Your instructions
Copy out the listing that follows, exact in every word, and skip the images.

Recorded data
-.-.-
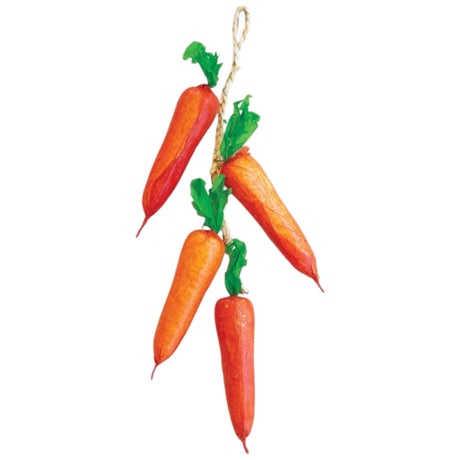 strong of artificial carrots on rope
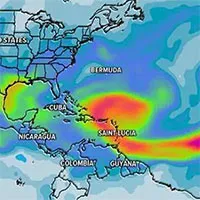 Cát bụi từ sa mạc Sahara "nhuộm cam" bầu trời ở Yucatan, Mexico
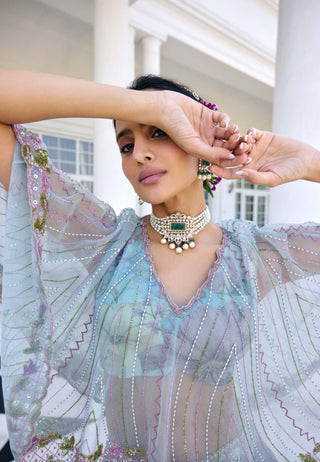 Amaira aqua cape and sharara set
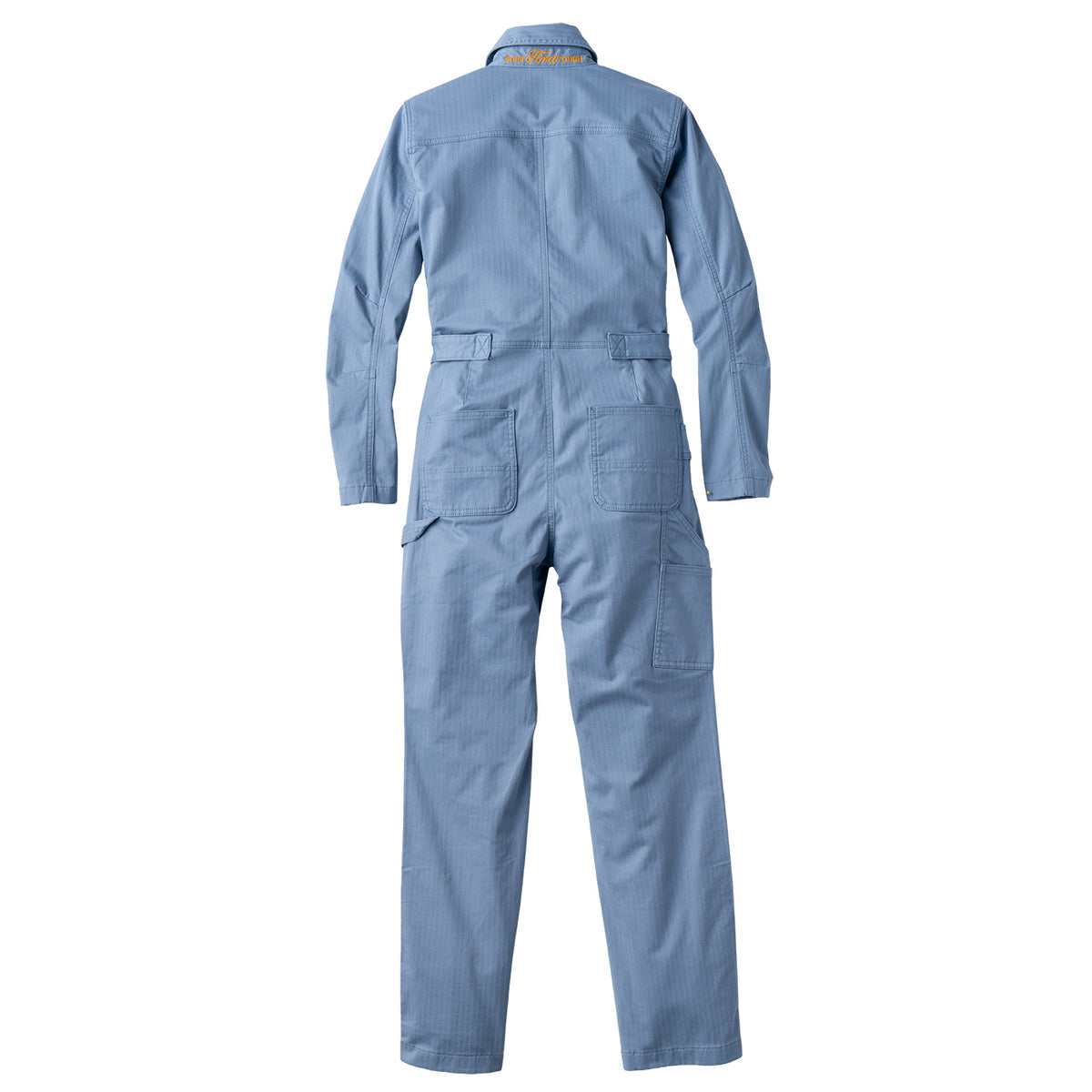 A light blue work jumpsuit shown from the back, featuring a collar, long sleeves, and large cargo-style pockets on the back, displayed against a solid white background.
-.-.-
Written reply
 strong of artificial carrots on rope
 Cát bụi từ sa mạc Sahara "nhuộm cam" bầu trời ở Yucatan, Mexico
 Amaira aqua cape and sharara set
 A light blue work jumpsuit shown from the back, featuring a collar, long sleeves, and large cargo-style pockets on the back, displayed against a solid white background.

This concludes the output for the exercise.